Winchell’s Donut Shops. At this point, this morning, I was baffled by the donut reference, because to the best of my memory I’d never hear of Winchell’s donuts before. But yes, they’re a thing. From Wikipedia:

Winchell’s Donuts House is an international doughnut company and coffeehouse chain founded by Verne Winchell on October 8, 1948, in Temple City, California [in Los Angeles County, northeast of downown LA, in the San Gabriel Valley]. Currently, there are over 170 stores in 6 western states, as well as Guam, Saipan, and Saudi Arabia. … It is headquartered in the City of Industry, California [also in the San Gabriel Valley].

The chain’s slogan is “Home of the Warm ‘n Fresh Donut,” and it claims to be the West Coast’s largest doughnut chain. It also offers its customers a 14-doughnut dozen, as opposed to the standard baker’s dozen of 13.

It’s mostly a California thing, and mostly a SoCal thing. A typical store:


(#3) The Winchell’s in Garden Grove CA (in northern Orange County, adjacent to Anaheim and Santa Ana and very close to southern Los Angeles)
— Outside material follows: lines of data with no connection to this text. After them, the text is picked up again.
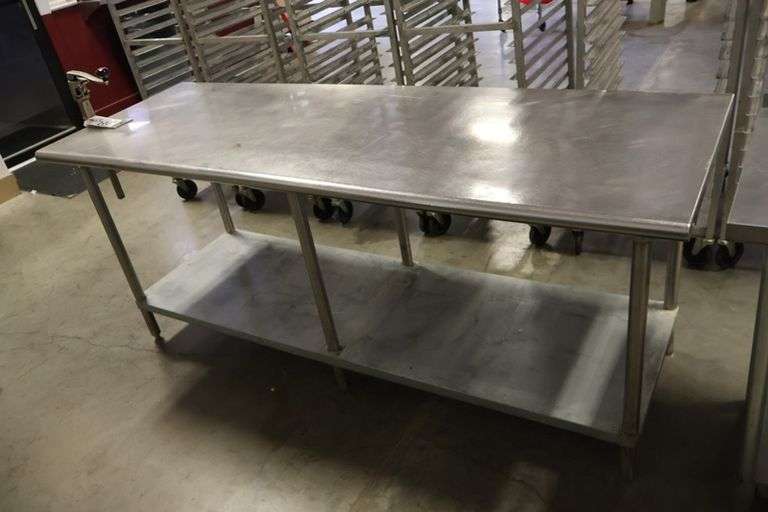 30" x 84" Stainless table with galvanized under shelf and Cozzini can opener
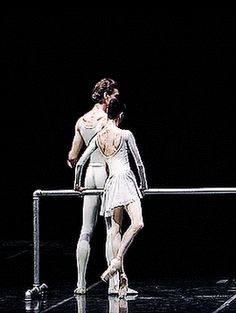 two ballerinas in white tutus standing next to each other on a stage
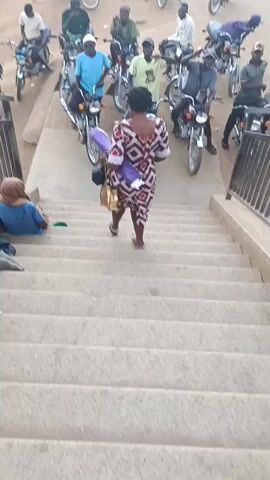 A woman walks up concrete steps while carrying a purple and white object and a tan bag. A person is seated near the stairs on the left. At the top of the stairs, a group of people is seated on motorcycles, appearing to wave and gesture. The setting appears to be outdoors.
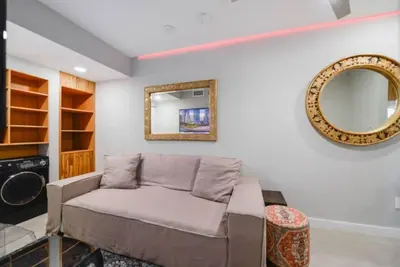 a living room with a couch and a mirror at Anselmo Brickell Apartments in Miami
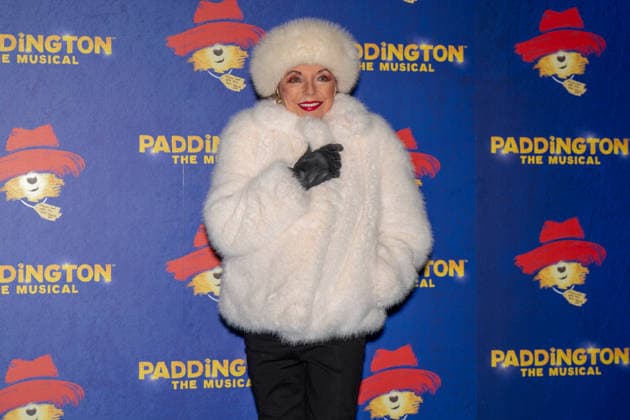 Paddington The Musical Word Premiere in London - 30 Nov 2025 Joan Collins seen arriving on the Blue Carpet during the Paddington The Musical World Premiere opens in the West End, London. London United Kingdom Copyright: xBonniexBritainx xSOPAxImagesx BNS02413
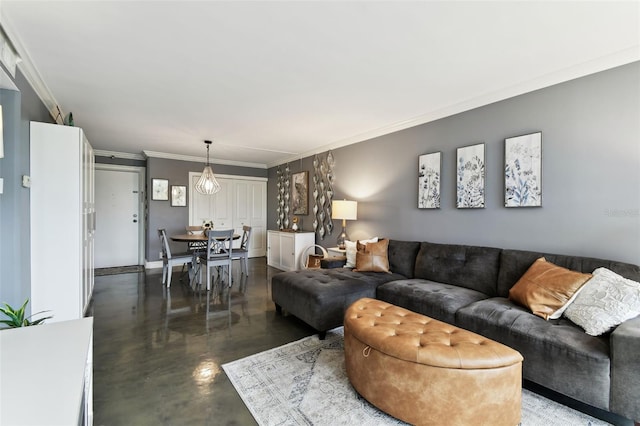255 Dolphin Pt Unit 207, Clearwater Beach, FL 33767 - living room with finished concrete flooring and crown molding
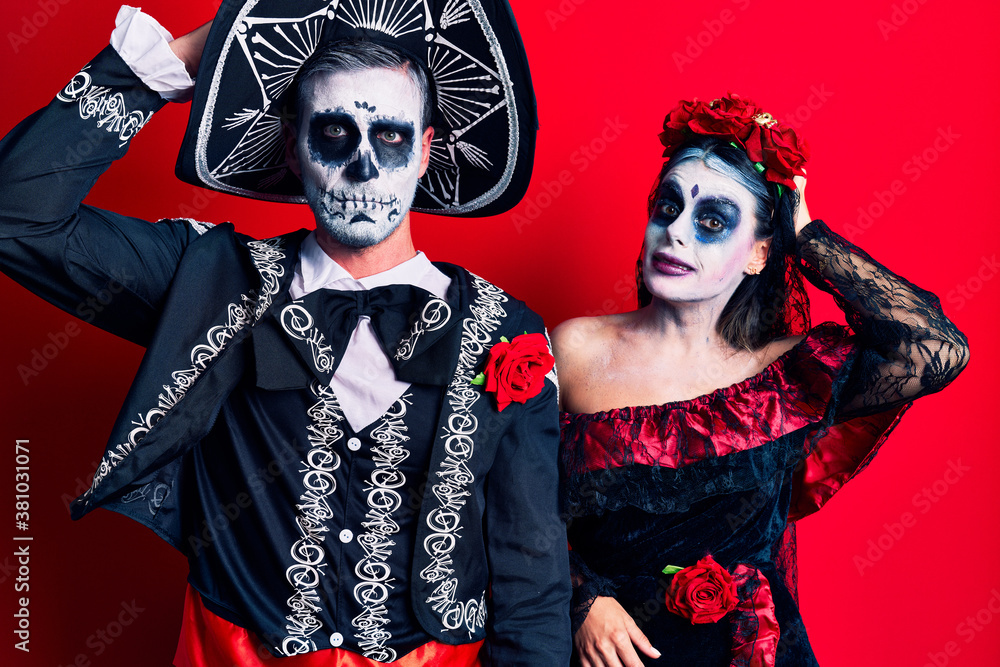 Young couple wearing mexican day of the dead costume over red confuse and wonder about question. uncertain with doubt, thinking with hand on head. pensive concept. Young couple wearing mexican day of the dead costume over red confuse and wonder about question. uncertain with doubt, thinking with hand on head. pensive concept.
And a selection of the donuts available there:

(#4)

Hard times. Since the OBH strip first appeared, in 2003, the Winchell’s chain has been contracting considerably, with shops closed, taken over by other fast-food chains, or by other donut shops, and the company as a whole has passed to other ownership.

It appears that at the moment the closest Winchell’s to me are at three locations in Salinas CA, well south of here (though still in NorCal). There once was one in Redwood City (on El Camino Real), one in San Francisco (at Kearney St and Columbus Ave), and one in San Jose (in the Hacienda Gardens Shopping Center), but they are no more.

So Winchell’s was a fairly local thing even back then. I suspect there were no Winchell’s close to me when I lived in Pennsylvania, New Jersey, Massachusetts, Illinois, or Ohio, so the OBH strip would have required a little research for me to appreciate it fully. When I got to California, there was one just a few miles away from me, but I was unaware of it. But then I’m not a big donut person, except sometimes on Fasnacht Day (which was two days ago, but I let it pass without donuts or pancakes, settling instead for a fine overstuffed beef brisket sandwich, with potato chips on the side; one makes do).

2 Responses to “Ruthie goes for the donuts”

  1. Robert Coren Says:

    Well, that would explain why I have never heard of Winchell’s donut shops. When I hear the name “Winchell” I think of the columnist Walter Winchell, not directly but by a rather idiosyncratic path that includes his contemporary Walter Lippmann: In Robert Heinlein’s 1961 novel Stranger in a Strange Land, set in a not-too-distant future (from that time), certain types of newspaper columnist are known as “winchells” and “lippmanns”, the latter being considered a slightly higher register than the former (as was apparently the case for their namesakes) . I am just old enough to have heard of these guys, without having had much occasion to read either of them.